Take the lines of the data below from the very first through the line containing "Fallen autumn leaves" and output them exactly, pictures excluded.
■ ■ ■
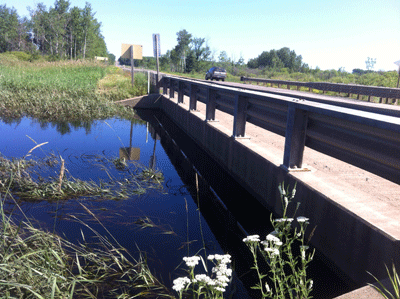 Wetland holding water next to road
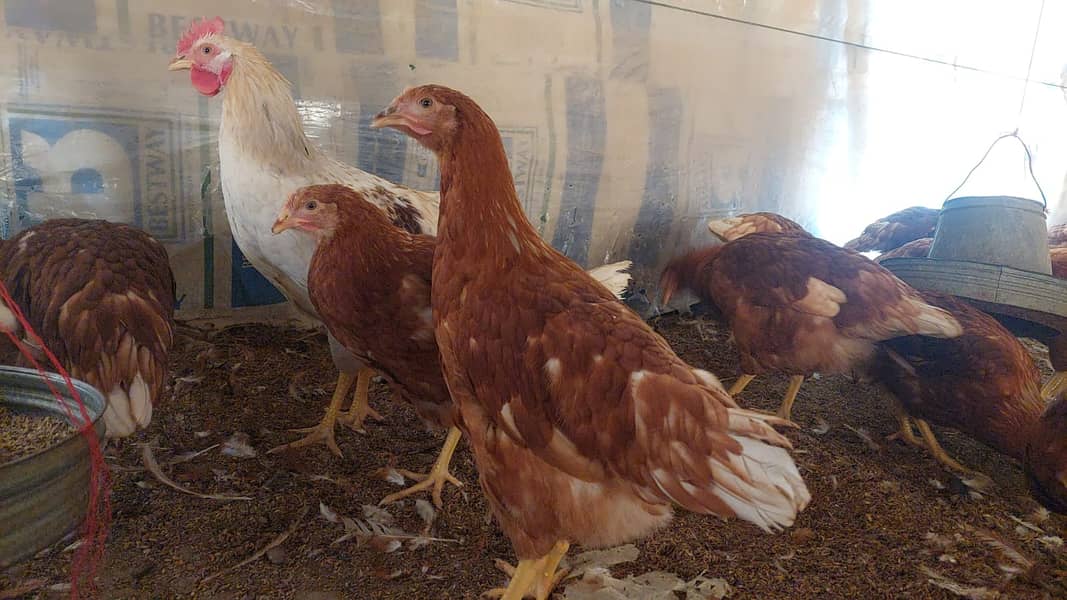 Lohman brown hens/Lohman Chicks/eggs laying murghi for sale 11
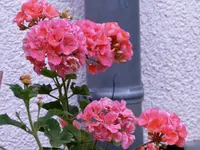 Geranien.webp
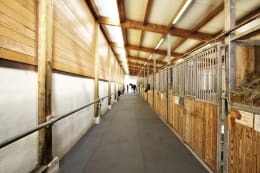 Lifestyle: BELMONDO® Stallmatte Walkpro für Stallgassen, Boxengassen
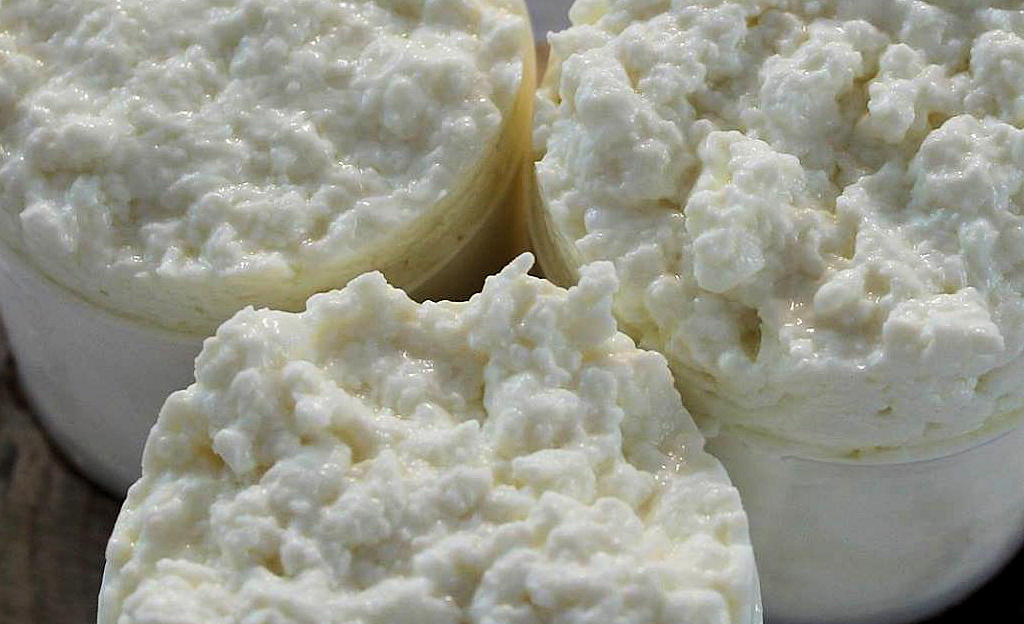 Queijo Fresco de Azeitão Azeitão's Finest Fresh Cheese
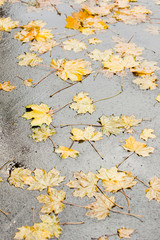 Fallen autumn leaves in the park. Zurich, Switzerland.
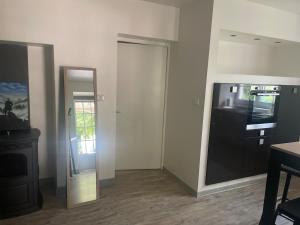 a living room with a black refrigerator and a mirror at Appartement calme et serein in Vals-près-le-Puy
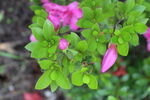 杜鹃花  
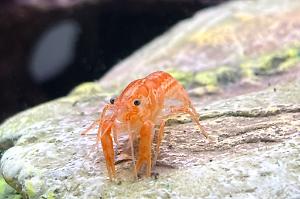 Mexican Dwarf Crayfish Thumbnail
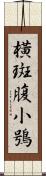 橫斑腹小鴞 Scroll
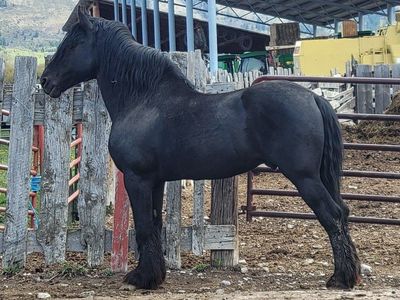 Registered Percheron Standing Stud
■ ■ ■
▶ Output below:
 Wetland holding water next to road
 Lohman brown hens/Lohman Chicks/eggs laying murghi for sale 11
 Geranien.webp
 Lifestyle: BELMONDO® Stallmatte Walkpro für Stallgassen, Boxengassen
 Queijo Fresco de Azeitão Azeitão's Finest Fresh Cheese
 Fallen autumn leaves in the park. Zurich, Switzerland.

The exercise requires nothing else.